J’aborderai donc le sujet, le moins théoriquement possible, et suivrai le plan suivant :
1. Les concepts de paix et de réconciliation
2. Culture, paix et réconciliation
3. Evangélisation de la culture
1. Les concepts de paix et de réconciliation
Les cultures ne prêtent pas toutes le même sens et la même importance à ces concepts. Ainsi, pour nous chrétiens, la principale référence, c’est le Christ, le « Prince de la paix » (Is 9,6), « par qui et pour qui Dieu a voulu tout réconcilier, sur la terre et dans les cieux, en faisant la paix par le sang de Sa Croix » (Col 1, 20). Cette référence est, naturellement, absente des autres cultures. Pour certaines d’entre elles, spécialement pour les tendances radicales, la réconciliation et la paix ne sont admises qu’avec les leurs. Par exemple, la position du Hezbollah, au Liban : il ne peut accepter ni la paix, ni la réconciliation avec Israël, sans se renier lui-même. Pour des raisons passagères, il pourrait faire quelques concessions momentanées, mais, comme l’un de ses plus influents pères spirituels le note : « Rien ne peut remplacer la libération, quels que soit le temps et les obstacles qu’elle exige. L’important est d’avoir confiance en Dieu et en soi, d’être dans son droit, de s’armer d’esprit de sacrifice et de patience dans les difficultés, et de ne pas se hâter pour les résultats »[1].
Mais pour nous aussi, dans la pratique, le sens des concepts de « réconciliation » et de « paix » est loin d’être clair. Le Christ Lui-même nous met dans l’embarras. S’Il a détruit entre les hommes le mur de la haine (Ep 2, 14), béatifié les artisans de paix, promis la terre aux doux (cf. Mt 5,4 et 5,9), demandé d’aimer l’ennemi, et, finalement, si « comme une brebis Il a été conduit à la boucherie ; comme un agneau muet devant celui qui le tond » (cf. Ac 8,32), Il a aussi averti : « Croyez-vous que je sois venu établir la paix sur terre ? Non, je vous le dis, mais la division. Désormais, dans une maison de cinq personnes, on sera divisé, trois contre deux et deux contre trois » (Lc 12, 51-53). D’ailleurs, dans la société de son temps, Jésus a été grand provocateur. Il traite les sadducéens (cf. Mt 16, 6 et 12), les pharisiens et les scribes, d’« hypocrites », de « sépulcres blanchis », de « race de vipères » (cf. Mt 23), et le roi Hérode de « renard » (cf. Lc 13,32).

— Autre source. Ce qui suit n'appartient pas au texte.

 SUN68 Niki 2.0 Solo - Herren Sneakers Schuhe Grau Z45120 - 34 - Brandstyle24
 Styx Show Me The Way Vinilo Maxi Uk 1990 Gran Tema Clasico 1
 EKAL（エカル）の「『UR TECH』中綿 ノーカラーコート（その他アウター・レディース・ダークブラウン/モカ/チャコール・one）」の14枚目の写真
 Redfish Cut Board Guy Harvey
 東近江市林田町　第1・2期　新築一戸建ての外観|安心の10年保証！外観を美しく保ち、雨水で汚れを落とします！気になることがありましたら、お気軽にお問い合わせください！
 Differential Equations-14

Pour sa part, saint Paul cite la douceur parmi les dons de l’Esprit Saint (Eph 5,23) et « rappelle à tous qu'il faut être soumis aux magistrats et aux autorités… et n'outrager personne, éviter les disputes…» (Tt, 3,2). N’empêche, il soutient que : l’autorité civile étant un instrument de Dieu, « porte le glaive pour conduire au bien et châtier qui fait le mal » (Ro 13, 1-5).
De son côté, St Jean le bien-aimé, Apôtre de l’amour, se signale par son goût de la rupture. Il ordonne : « Qui ne confesse pas Jésus-Christ venu dans la chair, ne le recevez pas chez vous et abstenez-vous de le saluer. Celui qui le salue participe à ses oeuvres mauvaises » (2 Jn 1, 7-11).

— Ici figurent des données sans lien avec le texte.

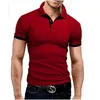 Summer short Sleeve Polo Shirt men fashion polo shirts casual Slim Solid color business men's polo shirts men's clothing 220822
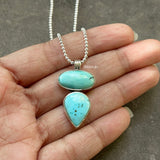 Natural Turquoise Silver Necklace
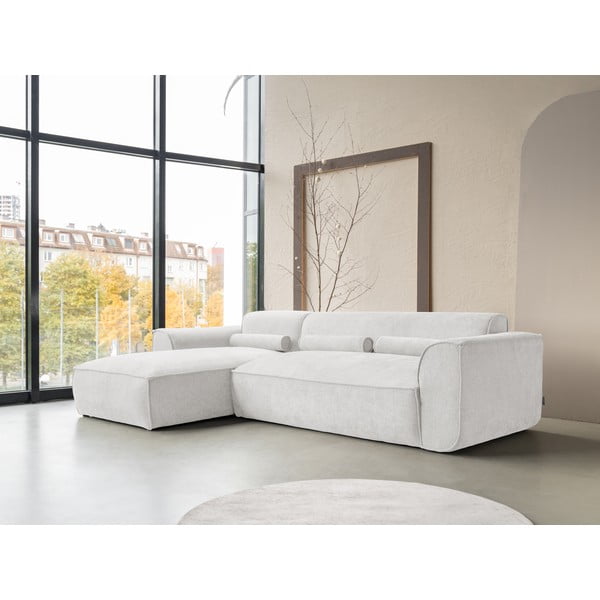 Divano angolare componibile bianco (con penisola a sinistra) Flex Felix – Miuform-image-3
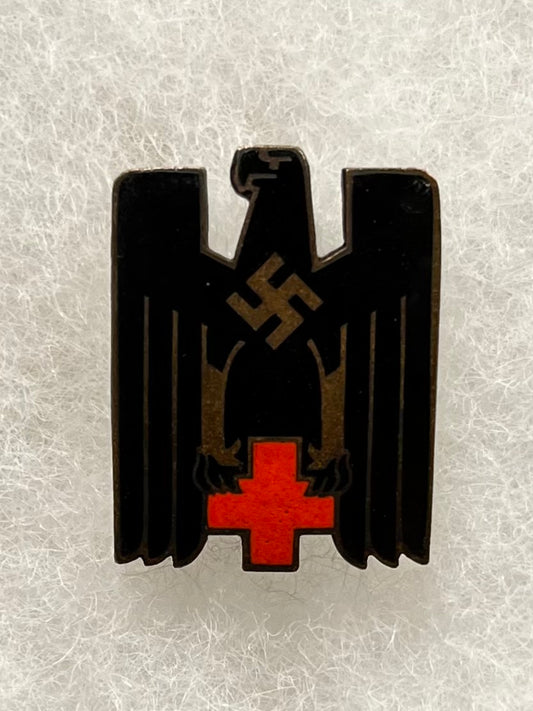 Original German WWII Red Cross DRK EM/NCO Visor Cap Insignia Badge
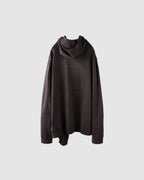 8.0 Knit Hoodie Centre Brown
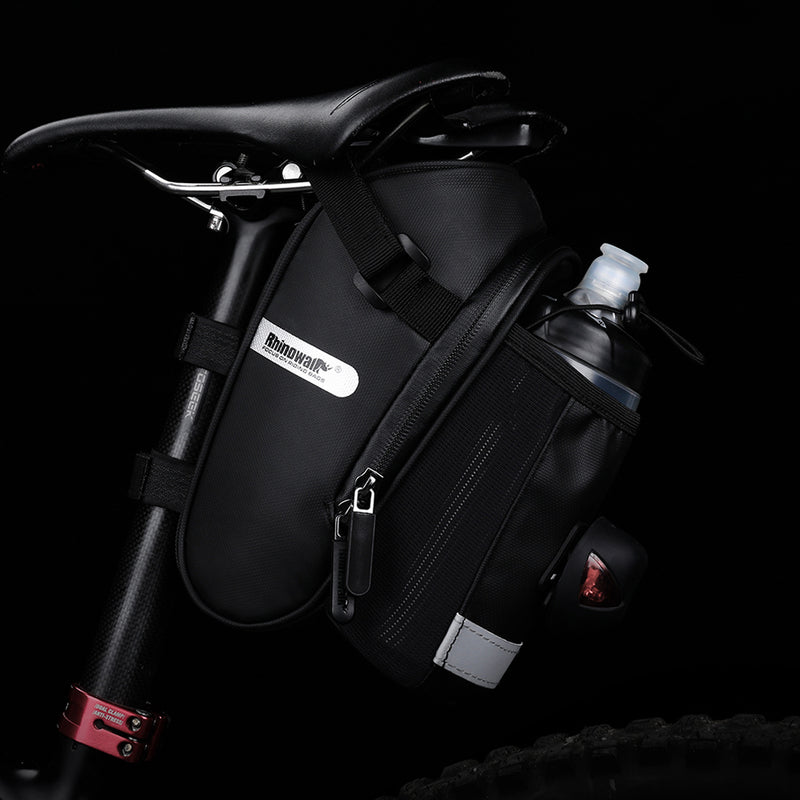 Bolso para Asiento de Bicicleta con porta termo negro Rhinowalk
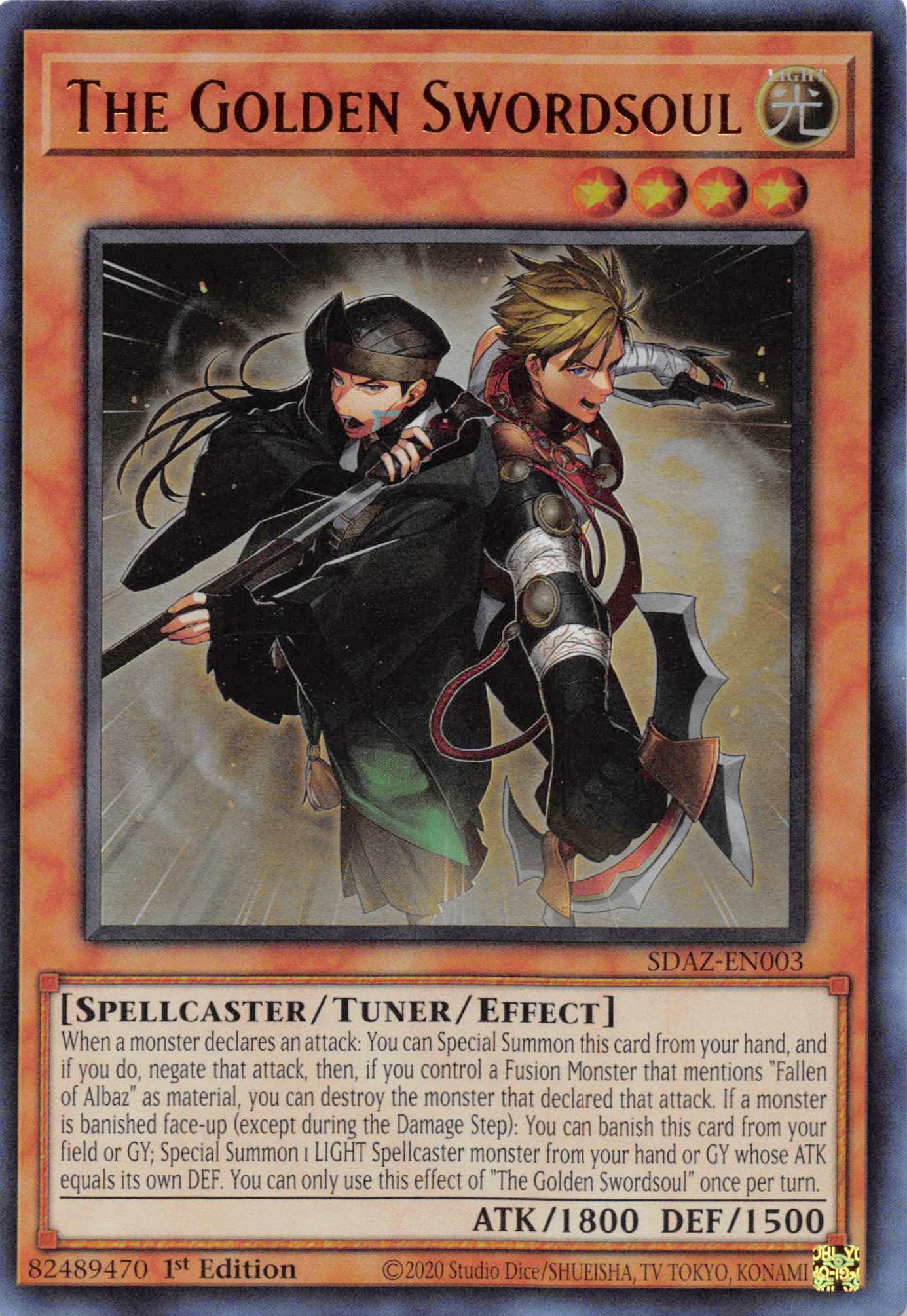The Golden Swordsoul [SDAZ-EN003] Ultra Rare | Good Games Morley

L’Eglise aussi nous « perd ». Dans ses martyrs, qui se laissent conduire à la mort sans résister, elle fait preuve d’un pacifisme extrême. Pourtant, bon nombre d’entre eux étaient soldats de métier, sans problème de conscience, et parmi nos saints, nous comptons de célèbres guerriers dont Louis de France et Jeanne d’Arc.
Ce va-et-vient dans la pensée et la vie de l’Église n’échappe pas à ceux qui l’observent du dehors. C’est ainsi que l’un des responsables spirituels, lui aussi du Hezbollah, remarque que l’Église se réclame de l’exemple du Christ et de son conseil, « à qui te frappe sur une joue, présente encore l’autre », se glorifie de ses martyrs, et évoque la combativité, même défensive, de l’Islam, pour nier l’origine divine de cette religion. Elle occulterait par là, les guerres commandées, par Dieu, dans l’Ancien Testament et celles qui sont conduites, depuis, par les fils de l’Église [2].

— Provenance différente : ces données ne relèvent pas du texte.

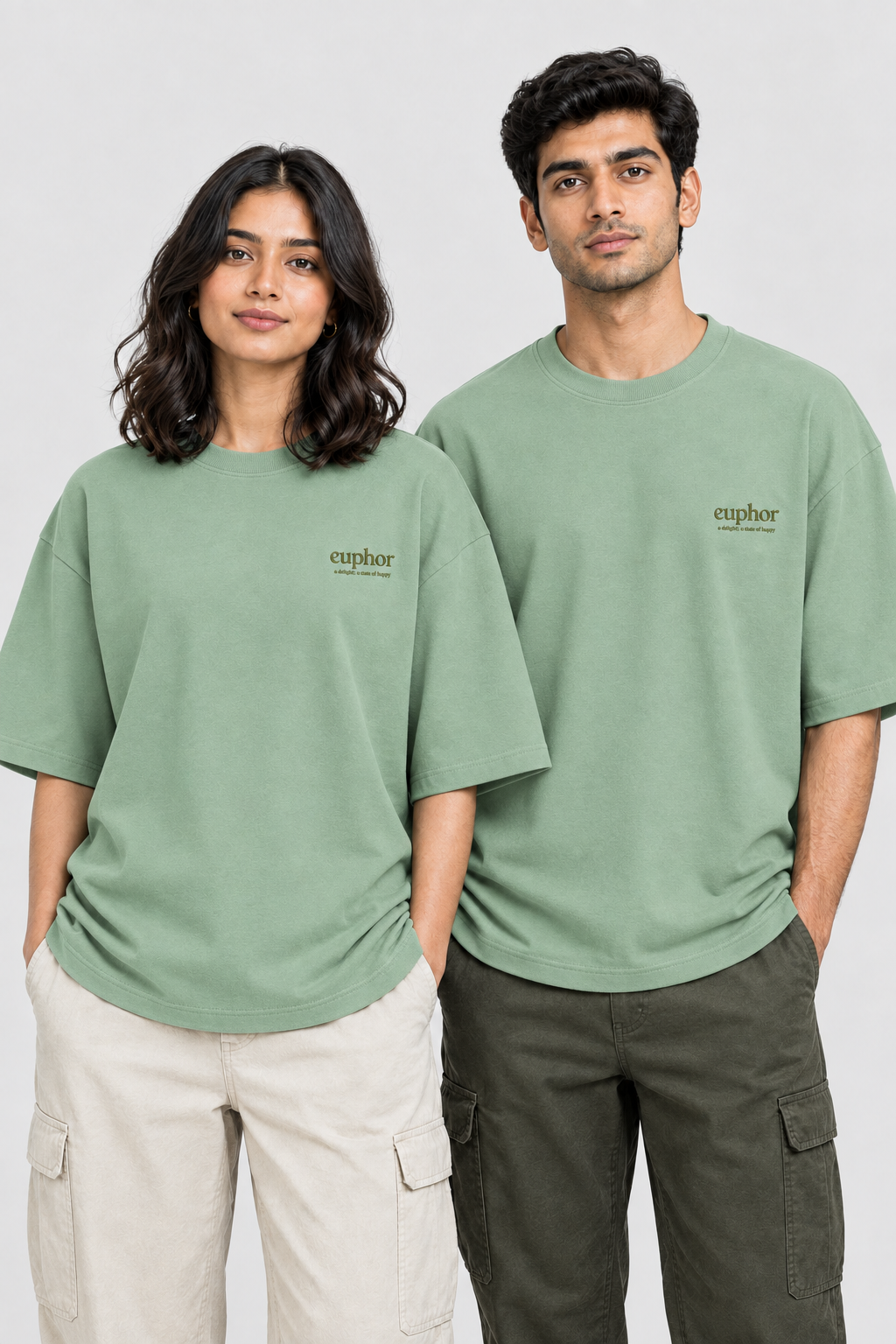 Unisex Frottee-Oversize-T-Shirt – Stickerei: Signature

Bref, la « paix » et la « réconciliation », ne sont ni pour nous, ni pour la majorité des humains, des absolus, si ce n’est lorsqu’elles regardent notre relation à Dieu. Leur importance, hic et nunc, dépend de la place qu’elles occupent dans l’échelle des valeurs de la culture et aussi des circonstances par lesquelles passent les personnes et les peuples concernés.
2. Culture, paix et réconciliation
Il n’y a pas unanimité entre les hommes sur l’importance à accorder aux diverses valeurs de la vie. Pour les uns, c’est la vie physique. Pour se la sauvegarder, ils se font, selon les moments, pacifistes ou fomentateurs de troubles.
Pour d’autres, la grande valeur, c’est la tranquillité dans la conservation de l’acquis. C’est peut être là une des principales caractéristiques de l’Occident actuel. Il prône une civilisation de la consommation et accroît indéfiniment son potentiel de guerre pour mieux protéger sa paix et augmenter ses richesses et son confort.
Pour d’autres c’est la liberté individuelle que la civilisation occidentale postmoderne colporte de partout. Ils y voient l’expression la plus obvie de l’image de Dieu en l’homme et le fondement de la dignité humaine et de ses droits. Cette conception s’enracine dans les cultures grecques et judéo-chrétiennes, les premières pour avoir exalté la puissance de la raison humaine, et les secondes par ce qui en constitue l’essence : la relation d’alliance entre Dieu et les hommess.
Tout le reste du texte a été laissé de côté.